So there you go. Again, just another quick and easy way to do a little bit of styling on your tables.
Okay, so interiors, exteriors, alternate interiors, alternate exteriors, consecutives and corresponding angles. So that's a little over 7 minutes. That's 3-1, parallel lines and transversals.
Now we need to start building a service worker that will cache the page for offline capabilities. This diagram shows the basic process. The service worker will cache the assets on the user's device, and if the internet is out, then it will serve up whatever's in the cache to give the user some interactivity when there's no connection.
--
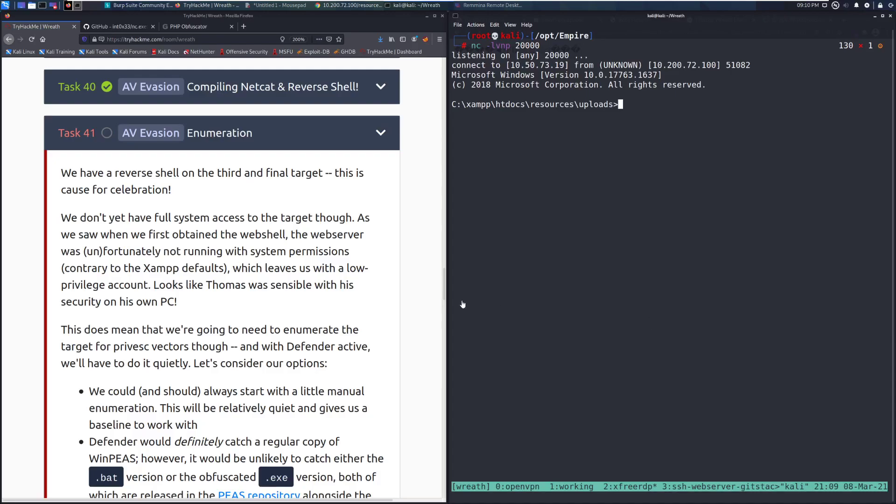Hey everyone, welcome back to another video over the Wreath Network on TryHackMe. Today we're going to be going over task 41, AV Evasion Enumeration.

WHAT IS REQUIRED> Look back at the entries above. Retype the line with "So there you", the line with "Now we need", and all lines in between.

SOLUTION FOR THIS PROBLEM>
So there you go. Again, just another quick and easy way to do a little bit of styling on your tables.
Okay, so interiors, exteriors, alternate interiors, alternate exteriors, consecutives and corresponding angles. So that's a little over 7 minutes. That's 3-1, parallel lines and transversals.
Now we need to start building a service worker that will cache the page for offline capabilities. This diagram shows the basic process. The service worker will cache the assets on the user's device, and if the internet is out, then it will serve up whatever's in the cache to give the user some interactivity when there's no connection.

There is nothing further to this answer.